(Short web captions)
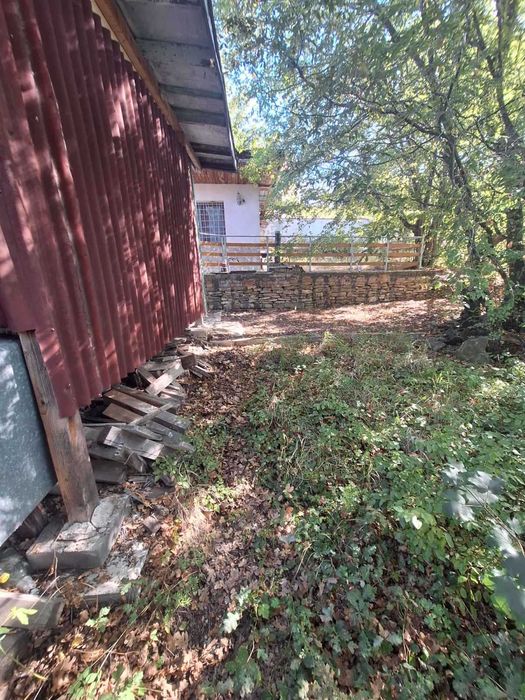 Парцел с постройка в село Кошарица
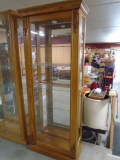 Beautiful Pulaski Solid Oak Glass Front and Sides Lighted Curio Cabinet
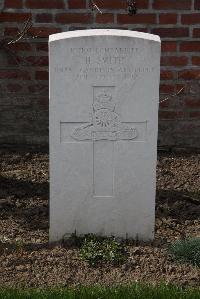 Birr Cross Roads Cemetery - Smith, H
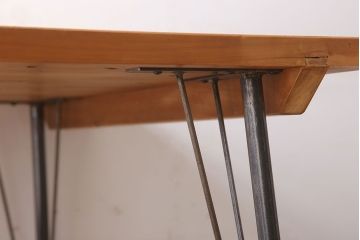 アンティーク家具　天板檜材　アンティーク　シンプルな鉄脚テーブル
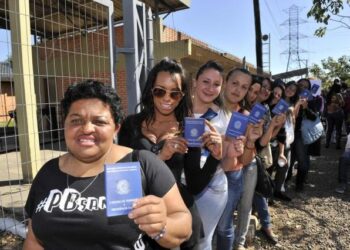 Quase metade das mulheres no Brasil está fora do mercado de trabalho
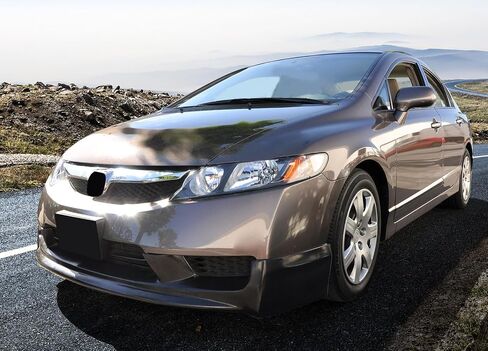 حافة ممتصة للصدمات الأمامية متوافقة مع سيارة Honda Civic 4Dr Sedan موديل 2009-2011، JDM Style Black PU Spoiler Bodykit من IKON MOTORSPORTS 2010 in Saudi Arabia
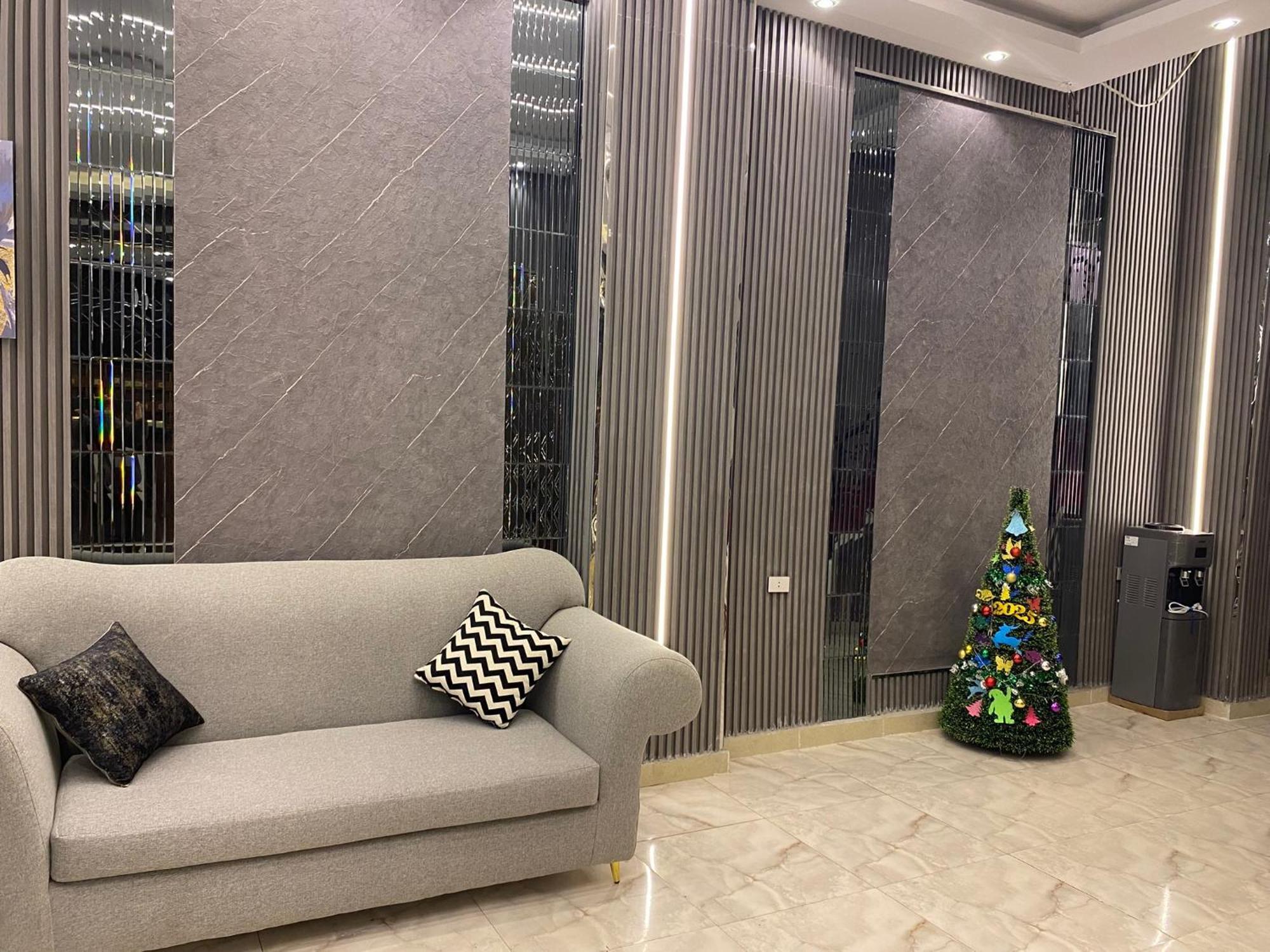 Royal Golden Pyramids Inn Giza Bagian luar foto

● WORK INSTRUCTION
Reproduce all of the data exactly, omitting each picture it holds.

● PROBLEM SOLUTION
 Парцел с постройка в село Кошарица
 Beautiful Pulaski Solid Oak Glass Front and Sides Lighted Curio Cabinet
 Birr Cross Roads Cemetery - Smith, H
 アンティーク家具　天板檜材　アンティーク　シンプルな鉄脚テーブル
 Quase metade das mulheres no Brasil está fora do mercado de trabalho
 حافة ممتصة للصدمات الأمامية متوافقة مع سيارة Honda Civic 4Dr Sedan موديل 2009-2011، JDM Style Black PU Spoiler Bodykit من IKON MOTORSPORTS 2010 in Saudi Arabia
 Royal Golden Pyramids Inn Giza Bagian luar foto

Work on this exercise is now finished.